Voters expect GOP lawmakers to work diligently to completely discard the “health care” law President Donald Trump campaigned (and won) on, but some Republicans in Congress have proposed to keep some of the measure’s unpopular taxes purportedly to stave off bigger cuts to Medicaid.
Reuters reported that other Republicans are jumping on board with the idea so-called moderate Republicans proposed.
But keeping some of the taxes in the Senate bill risks alienating conservatives. On Tuesday, 45 conservative groups and activists sent a letter to Republican Senator Orrin Hatch of Utah, the chairman of the Senate Committee on Finance, urging the Senate to repeal all Obamacare taxes.
One cornerstone tax that could remain is the net investment income tax, which imposes a 3.8 percent surtax on capital gains, dividends and interest, the sources said. The taxes most likely to be abolished directly impact consumers and the health industry, including a tax on health insurance premiums, the so-called Cadillac tax on high-cost employer-provided insurance and the medical device tax.

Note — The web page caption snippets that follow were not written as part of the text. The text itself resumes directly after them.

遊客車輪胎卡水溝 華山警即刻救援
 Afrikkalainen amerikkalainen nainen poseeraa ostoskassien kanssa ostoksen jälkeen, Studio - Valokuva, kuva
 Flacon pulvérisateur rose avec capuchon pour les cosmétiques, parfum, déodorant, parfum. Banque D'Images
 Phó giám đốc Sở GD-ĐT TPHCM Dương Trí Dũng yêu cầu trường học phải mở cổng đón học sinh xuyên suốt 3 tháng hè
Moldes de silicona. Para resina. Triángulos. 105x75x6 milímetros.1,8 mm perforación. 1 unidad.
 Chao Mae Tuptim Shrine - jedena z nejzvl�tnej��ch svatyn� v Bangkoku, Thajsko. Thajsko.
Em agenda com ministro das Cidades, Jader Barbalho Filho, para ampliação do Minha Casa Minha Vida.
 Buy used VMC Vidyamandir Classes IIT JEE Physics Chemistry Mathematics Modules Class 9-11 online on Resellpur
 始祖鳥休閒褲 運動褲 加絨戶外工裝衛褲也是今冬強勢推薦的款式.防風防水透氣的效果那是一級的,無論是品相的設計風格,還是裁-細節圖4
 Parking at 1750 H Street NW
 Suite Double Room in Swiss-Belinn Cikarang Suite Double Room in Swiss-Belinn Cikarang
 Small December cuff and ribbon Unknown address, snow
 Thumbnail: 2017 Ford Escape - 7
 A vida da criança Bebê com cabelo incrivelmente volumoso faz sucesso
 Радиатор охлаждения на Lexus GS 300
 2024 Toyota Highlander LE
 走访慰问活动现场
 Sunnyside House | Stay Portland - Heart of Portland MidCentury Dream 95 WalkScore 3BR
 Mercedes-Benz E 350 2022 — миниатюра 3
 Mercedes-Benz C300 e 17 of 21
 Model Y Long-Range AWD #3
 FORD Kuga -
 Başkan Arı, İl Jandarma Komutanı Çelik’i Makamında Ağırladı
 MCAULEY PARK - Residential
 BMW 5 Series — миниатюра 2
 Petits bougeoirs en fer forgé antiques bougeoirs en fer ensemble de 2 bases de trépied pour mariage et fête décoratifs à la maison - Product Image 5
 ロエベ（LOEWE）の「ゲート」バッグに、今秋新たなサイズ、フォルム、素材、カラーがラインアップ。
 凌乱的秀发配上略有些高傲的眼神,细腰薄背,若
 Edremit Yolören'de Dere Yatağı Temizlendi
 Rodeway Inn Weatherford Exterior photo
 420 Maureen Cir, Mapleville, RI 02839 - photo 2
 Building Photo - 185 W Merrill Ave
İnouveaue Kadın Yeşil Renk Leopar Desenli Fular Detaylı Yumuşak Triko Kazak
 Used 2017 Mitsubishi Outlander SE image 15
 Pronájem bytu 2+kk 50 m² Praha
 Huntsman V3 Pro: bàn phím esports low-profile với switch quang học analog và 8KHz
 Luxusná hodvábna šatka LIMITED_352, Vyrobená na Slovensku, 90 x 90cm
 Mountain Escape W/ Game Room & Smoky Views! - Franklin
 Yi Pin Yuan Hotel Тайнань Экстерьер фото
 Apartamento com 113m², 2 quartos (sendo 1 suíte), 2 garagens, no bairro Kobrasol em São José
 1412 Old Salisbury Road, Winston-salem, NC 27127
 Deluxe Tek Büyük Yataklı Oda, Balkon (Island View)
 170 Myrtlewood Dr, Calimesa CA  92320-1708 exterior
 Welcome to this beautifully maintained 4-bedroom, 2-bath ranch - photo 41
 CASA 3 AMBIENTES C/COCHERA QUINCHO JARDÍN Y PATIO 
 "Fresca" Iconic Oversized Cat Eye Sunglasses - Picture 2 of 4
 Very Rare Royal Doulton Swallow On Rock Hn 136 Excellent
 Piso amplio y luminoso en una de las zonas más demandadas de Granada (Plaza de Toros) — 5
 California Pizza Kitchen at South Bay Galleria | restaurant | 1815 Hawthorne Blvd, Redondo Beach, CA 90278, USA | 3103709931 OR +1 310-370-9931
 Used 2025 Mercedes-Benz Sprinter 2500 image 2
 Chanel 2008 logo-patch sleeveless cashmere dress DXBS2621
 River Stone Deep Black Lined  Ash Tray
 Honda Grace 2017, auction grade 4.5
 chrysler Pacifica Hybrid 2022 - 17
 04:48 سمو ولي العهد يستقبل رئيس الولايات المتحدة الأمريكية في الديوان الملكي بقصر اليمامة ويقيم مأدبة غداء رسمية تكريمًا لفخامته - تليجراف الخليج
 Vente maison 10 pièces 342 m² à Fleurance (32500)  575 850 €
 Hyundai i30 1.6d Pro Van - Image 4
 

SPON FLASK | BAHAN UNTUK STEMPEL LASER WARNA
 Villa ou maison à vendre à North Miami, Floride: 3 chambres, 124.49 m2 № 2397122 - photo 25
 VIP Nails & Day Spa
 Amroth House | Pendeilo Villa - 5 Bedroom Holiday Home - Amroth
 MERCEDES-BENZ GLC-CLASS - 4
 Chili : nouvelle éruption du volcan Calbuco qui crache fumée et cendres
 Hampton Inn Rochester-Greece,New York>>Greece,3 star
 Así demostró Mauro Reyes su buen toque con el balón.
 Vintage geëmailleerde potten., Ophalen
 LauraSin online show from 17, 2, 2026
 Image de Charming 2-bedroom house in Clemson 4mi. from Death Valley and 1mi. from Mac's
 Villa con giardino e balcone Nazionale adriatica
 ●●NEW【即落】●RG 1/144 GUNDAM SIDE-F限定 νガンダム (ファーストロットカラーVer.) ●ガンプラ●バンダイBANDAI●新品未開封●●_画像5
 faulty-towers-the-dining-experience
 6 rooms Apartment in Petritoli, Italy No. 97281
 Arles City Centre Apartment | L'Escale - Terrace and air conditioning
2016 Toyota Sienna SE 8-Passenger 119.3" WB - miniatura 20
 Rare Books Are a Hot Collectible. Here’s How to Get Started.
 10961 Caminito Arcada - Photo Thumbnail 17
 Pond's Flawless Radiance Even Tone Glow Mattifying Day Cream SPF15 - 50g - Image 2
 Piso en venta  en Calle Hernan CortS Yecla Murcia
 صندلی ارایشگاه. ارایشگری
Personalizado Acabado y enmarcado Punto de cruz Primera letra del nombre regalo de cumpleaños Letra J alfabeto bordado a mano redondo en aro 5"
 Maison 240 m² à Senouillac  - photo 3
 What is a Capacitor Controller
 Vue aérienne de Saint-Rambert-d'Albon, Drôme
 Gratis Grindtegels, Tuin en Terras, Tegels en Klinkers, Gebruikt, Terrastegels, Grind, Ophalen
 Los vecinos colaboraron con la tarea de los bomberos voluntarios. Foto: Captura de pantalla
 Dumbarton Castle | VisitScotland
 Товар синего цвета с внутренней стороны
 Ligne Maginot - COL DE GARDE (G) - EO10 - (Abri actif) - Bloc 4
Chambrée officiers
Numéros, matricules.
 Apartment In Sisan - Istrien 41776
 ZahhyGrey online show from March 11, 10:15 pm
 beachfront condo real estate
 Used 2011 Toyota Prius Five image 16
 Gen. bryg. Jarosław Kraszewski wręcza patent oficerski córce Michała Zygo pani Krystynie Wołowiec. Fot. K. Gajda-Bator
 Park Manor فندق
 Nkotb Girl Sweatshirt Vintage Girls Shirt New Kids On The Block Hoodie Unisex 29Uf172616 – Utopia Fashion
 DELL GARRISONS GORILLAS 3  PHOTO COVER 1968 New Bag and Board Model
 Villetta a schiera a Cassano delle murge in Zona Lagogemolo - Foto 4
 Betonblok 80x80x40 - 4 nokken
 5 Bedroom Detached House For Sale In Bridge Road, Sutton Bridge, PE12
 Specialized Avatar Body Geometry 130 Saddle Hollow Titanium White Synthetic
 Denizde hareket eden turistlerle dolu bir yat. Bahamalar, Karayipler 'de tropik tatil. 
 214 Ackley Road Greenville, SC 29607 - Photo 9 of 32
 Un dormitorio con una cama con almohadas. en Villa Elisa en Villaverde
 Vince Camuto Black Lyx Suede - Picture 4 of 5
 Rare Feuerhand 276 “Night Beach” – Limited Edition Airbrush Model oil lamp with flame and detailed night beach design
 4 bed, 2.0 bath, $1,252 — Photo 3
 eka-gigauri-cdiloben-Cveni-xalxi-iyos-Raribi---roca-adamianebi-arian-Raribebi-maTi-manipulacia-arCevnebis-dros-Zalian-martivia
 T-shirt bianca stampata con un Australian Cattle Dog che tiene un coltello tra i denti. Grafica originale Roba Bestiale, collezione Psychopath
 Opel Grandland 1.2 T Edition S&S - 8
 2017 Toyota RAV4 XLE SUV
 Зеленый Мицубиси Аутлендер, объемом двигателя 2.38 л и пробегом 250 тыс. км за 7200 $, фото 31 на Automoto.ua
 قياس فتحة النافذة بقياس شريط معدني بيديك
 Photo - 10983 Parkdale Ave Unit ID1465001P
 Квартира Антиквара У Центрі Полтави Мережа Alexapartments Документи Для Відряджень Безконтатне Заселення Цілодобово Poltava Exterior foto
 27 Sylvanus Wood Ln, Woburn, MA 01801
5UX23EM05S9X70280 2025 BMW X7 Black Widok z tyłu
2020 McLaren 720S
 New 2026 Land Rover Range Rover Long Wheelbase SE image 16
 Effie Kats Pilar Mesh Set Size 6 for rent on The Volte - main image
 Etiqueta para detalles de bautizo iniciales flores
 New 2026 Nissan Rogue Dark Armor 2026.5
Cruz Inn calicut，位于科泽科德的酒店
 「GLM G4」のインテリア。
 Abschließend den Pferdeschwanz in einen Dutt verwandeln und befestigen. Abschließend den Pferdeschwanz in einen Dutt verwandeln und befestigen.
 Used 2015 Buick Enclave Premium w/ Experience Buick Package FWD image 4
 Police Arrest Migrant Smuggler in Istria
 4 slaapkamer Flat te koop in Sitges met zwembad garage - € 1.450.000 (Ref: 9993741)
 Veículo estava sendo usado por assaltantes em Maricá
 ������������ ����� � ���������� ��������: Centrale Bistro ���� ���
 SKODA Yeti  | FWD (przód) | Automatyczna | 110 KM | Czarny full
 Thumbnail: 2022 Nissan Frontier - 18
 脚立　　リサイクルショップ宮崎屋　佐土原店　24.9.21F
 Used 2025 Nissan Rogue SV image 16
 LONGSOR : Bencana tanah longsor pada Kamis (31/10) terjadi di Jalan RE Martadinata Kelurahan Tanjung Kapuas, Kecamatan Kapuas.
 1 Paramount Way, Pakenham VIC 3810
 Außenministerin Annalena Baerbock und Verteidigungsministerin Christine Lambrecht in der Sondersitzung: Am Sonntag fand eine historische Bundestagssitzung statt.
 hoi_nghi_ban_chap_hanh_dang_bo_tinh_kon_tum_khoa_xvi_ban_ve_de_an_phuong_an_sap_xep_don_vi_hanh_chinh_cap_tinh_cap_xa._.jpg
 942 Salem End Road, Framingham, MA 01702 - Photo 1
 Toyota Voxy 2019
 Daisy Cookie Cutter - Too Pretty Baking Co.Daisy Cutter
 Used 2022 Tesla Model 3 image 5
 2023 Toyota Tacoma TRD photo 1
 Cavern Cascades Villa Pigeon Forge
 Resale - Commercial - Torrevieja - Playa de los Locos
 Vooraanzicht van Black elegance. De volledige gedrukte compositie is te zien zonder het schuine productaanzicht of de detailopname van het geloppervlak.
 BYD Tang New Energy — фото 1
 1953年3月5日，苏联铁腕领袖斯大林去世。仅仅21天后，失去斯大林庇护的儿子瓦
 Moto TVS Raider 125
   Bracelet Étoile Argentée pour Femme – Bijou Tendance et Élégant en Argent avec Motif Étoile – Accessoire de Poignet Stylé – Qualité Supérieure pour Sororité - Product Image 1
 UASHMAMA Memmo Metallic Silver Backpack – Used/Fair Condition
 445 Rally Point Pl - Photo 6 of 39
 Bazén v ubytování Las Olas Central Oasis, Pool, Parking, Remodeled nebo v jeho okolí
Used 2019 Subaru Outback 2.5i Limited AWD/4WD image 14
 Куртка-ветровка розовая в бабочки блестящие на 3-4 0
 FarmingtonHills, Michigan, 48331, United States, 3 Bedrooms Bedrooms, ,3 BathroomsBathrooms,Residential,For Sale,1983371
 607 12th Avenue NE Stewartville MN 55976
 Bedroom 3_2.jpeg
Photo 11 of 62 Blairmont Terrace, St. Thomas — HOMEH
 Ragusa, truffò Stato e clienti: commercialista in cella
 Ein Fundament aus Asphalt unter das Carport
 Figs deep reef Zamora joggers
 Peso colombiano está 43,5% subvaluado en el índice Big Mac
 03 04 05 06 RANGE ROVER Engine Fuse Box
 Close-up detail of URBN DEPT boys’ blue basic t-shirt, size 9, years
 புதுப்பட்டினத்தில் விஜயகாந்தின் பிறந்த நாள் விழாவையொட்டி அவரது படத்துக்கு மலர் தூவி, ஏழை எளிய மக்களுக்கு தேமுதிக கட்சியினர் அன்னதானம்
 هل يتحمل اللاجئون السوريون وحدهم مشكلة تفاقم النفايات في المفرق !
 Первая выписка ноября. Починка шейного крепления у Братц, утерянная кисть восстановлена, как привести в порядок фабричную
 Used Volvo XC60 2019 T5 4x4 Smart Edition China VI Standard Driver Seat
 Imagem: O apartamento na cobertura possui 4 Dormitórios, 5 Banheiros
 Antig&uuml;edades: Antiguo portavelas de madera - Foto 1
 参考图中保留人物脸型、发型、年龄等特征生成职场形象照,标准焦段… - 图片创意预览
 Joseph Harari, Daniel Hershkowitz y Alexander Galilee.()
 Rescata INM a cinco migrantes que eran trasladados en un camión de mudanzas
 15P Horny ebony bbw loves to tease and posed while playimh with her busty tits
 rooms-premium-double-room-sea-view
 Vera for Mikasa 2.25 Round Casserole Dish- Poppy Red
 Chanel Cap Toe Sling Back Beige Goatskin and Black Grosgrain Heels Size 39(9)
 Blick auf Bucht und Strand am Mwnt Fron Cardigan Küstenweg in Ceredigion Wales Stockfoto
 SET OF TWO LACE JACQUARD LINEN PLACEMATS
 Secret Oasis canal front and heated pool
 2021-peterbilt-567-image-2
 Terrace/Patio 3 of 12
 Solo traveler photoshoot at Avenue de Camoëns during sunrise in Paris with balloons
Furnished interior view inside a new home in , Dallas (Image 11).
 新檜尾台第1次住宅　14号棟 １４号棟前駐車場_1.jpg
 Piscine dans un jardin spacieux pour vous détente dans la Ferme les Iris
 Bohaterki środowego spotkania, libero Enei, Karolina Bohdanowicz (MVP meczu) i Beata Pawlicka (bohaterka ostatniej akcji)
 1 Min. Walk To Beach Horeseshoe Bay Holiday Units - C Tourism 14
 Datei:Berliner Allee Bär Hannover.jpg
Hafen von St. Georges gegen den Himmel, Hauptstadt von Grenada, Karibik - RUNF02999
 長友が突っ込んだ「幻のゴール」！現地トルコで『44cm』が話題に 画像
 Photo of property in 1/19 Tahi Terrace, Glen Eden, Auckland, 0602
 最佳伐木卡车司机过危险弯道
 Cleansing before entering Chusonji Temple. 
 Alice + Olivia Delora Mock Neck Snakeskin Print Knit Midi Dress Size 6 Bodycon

Another proposal being floated is to keep all the taxes from the Affordable Care Act, often called Obamacare, but to scale them back. A group of 13 Republican senators led by Majority Leader Mitch McConnell has not completed a full draft of the bill, but is sending pieces to the nonpartisan Congressional Budget Office to assess the impact of various provisions.
Taxes likely were the main reason people objected to a new, bloated, “health care” law. Americans, at least the conservative ones, want to lower their tax burden, not increase or maintain it to pay for other people’s mandatory insurance policies.
One GOP lawmaker seemed optimistic. Senator John Thune said he thinks “most of the taxes are going to go away. Our members are still having a conversation about if we want to make changes that are in the end going to require some additional revenue.”
Most, not all?
Some of Obamacare’s taxes could also be repealed later when Congress tackles new legislation overhauling the U.S. tax code, two current Senate aides said.
“There’s no question that the current debate is not centered on eliminating all the taxes in Obamacare right now,” Senator Tim Scott of South Carolina said last week.
Under a process called reconciliation, the bill needs at least 50 votes to pass, with Vice President Mike Pence casting the tie-breaking vote if needed.